The images that actually get used are the ones with texture: a tight shot of hands writing notes, a reaction with the background blurred so the expression is isolated, the branded signage outside the venue before anyone walks in, a pen on a notepad next to a lukewarm coffee. Those are what end up on social, in recap decks, and in internal newsletters.
So I think in three layers when I cover an event. Wide shots establish the scene, medium shots carry the interaction and the energy, and close-ups are where the emotion and the detail live. A gallery that never leaves the first layer documents a room and misses the story inside it, which is how you end up with 200 frames and nothing to post.
A corporate shoot for Sephora's Global Huddle at the Four Seasons required coverage across keynotes, breakout sessions, and evening receptions. The wide shots were necessary, but the images the team kept coming back to were tighter. A speaker caught in the middle of a sentence with conviction on her face. Two executives in conversation with the branded backdrop soft behind them. That's where the value lives.

The first 30 minutes decide everything
I arrive early, always, and the first thing I do is walk the room, because I need to understand the light before I touch the camera.
Can I use flash, or will it pull focus from a speaker on stage? Is there enough window light to work with, or am I relying on overhead fixtures all day? Where does the gear bag go so it is reachable and invisible at the same time? Those get answered in the first thirty minutes and they shape everything after.
It matters because corporate environments do not hold still. Rooms change between rehearsal and the live event, lighting rigs get adjusted, furniture moves, and if I have not walked the space myself then I am reacting all day instead of directing. Reacting gets you acceptable images, which is a real outcome and not the one anybody is paying for.
I also introduce myself to every stakeholder early: the event coordinator, the comms lead, the CEO if they are around. This is not networking, it is practical. When people know who I am before the camera comes out they are noticeably more relaxed when I photograph them later, and first impressions set the permission level for the rest of the day.
Stop asking for unedited photos
This is the request I push back on most. A client hires me for a corporate shoot, the event ends, and within the hour someone asks if I can just send the unedited files.
I understand the urgency, and the urgency is legitimate: social moves fast and a recap loses most of its impact after 48 hours. Unedited photos are simply not ready to carry a brand.
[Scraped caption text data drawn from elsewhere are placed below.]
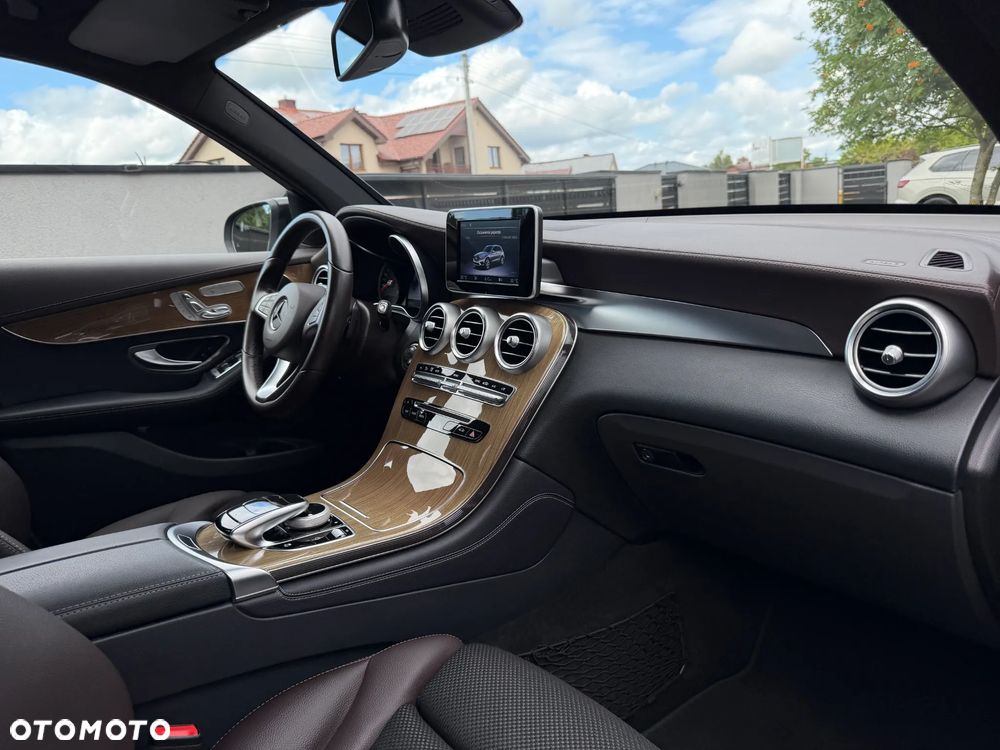 Mercedes-Benz GLC - 16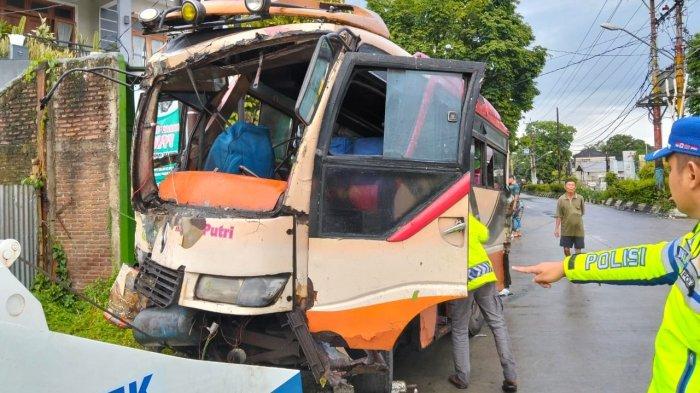 Tabrakan 3 Kendaraan Di Purwokerto, 1 Pelajar Sempat Terjepit Di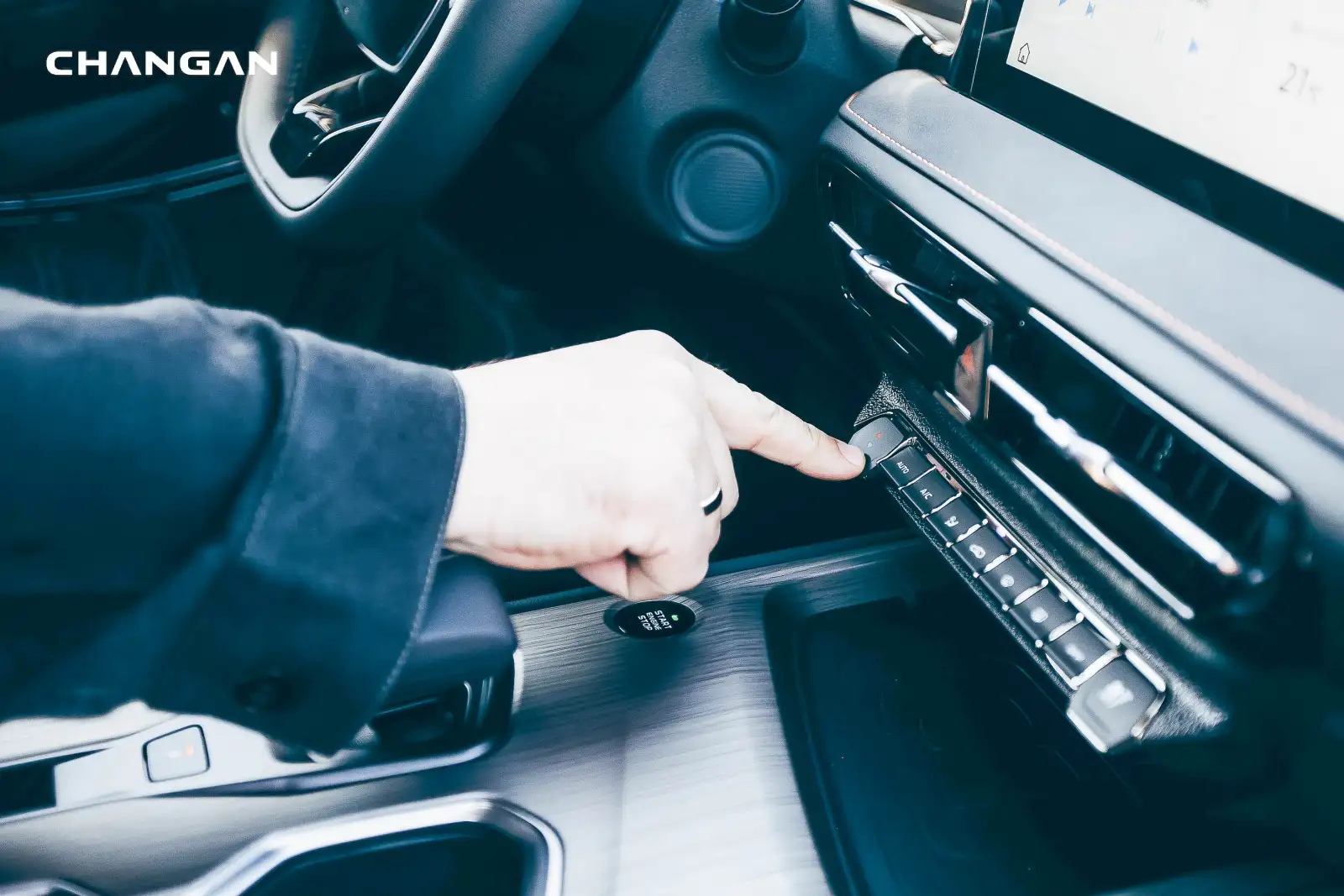 Кроссовер Changan CS75 PRO. 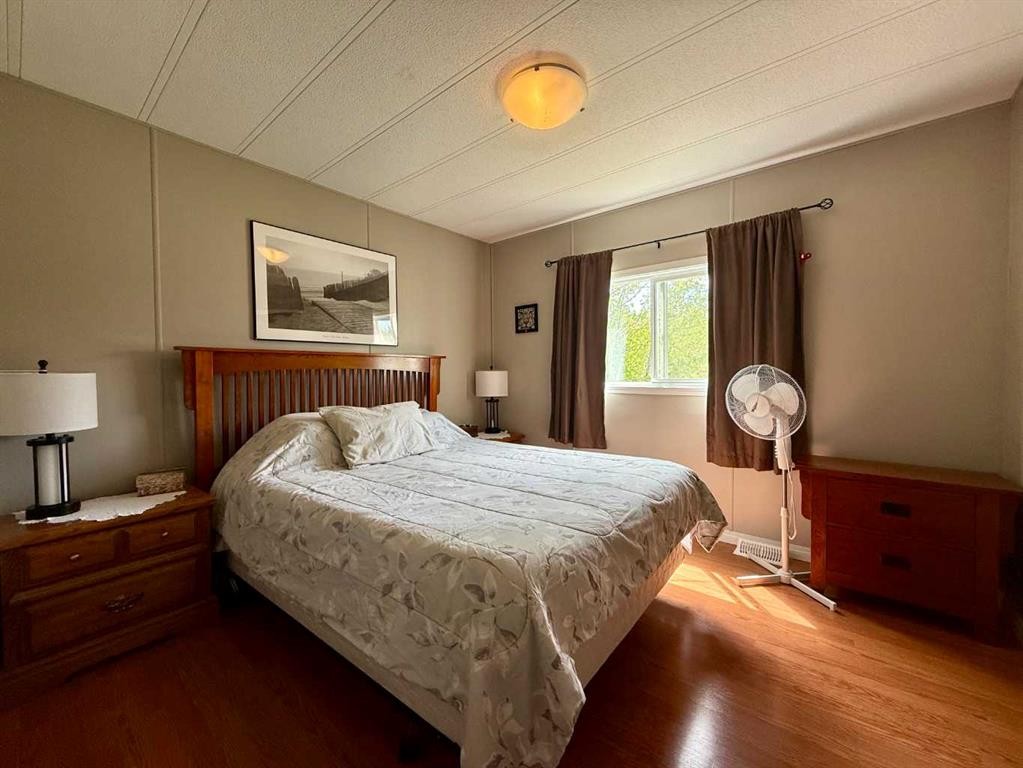 19 Sunset Crescent, Swan Hills, AB - Indoor Photo Showing Bedroom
The white balance is inconsistent, the exposure is uneven, the backgrounds distract, and none of the polish that makes a gallery hold together is there yet.
Editing is not a cosmetic pass at the end. It is where individual files become a set, where the colour temperature matches across the gallery, the skin tones look natural and consistent, the distractions come out, and the work starts to look like it belongs together. That cohesion is what separates images a brand publishes proudly from images that quietly embarrass everyone six months later.
When a client needs same-day delivery I build it into the scope upfront, and it changes the shoot plan, the editing workflow, and the price. What it does not change is the standard. No unedited files leave my drive, because the images carrying your brand should be ready to carry it.
Headshots need life in the eyes
Executive headshots are the assignment everyone assumes is simple. Stand here, look there, smile, done.
Most headshots fail the same test though, and you can run it yourself: cover the mouth with your hand and look only at the eyes. If the eyes are flat then the portrait is dead, because a smile means nothing without the eyes participating in it.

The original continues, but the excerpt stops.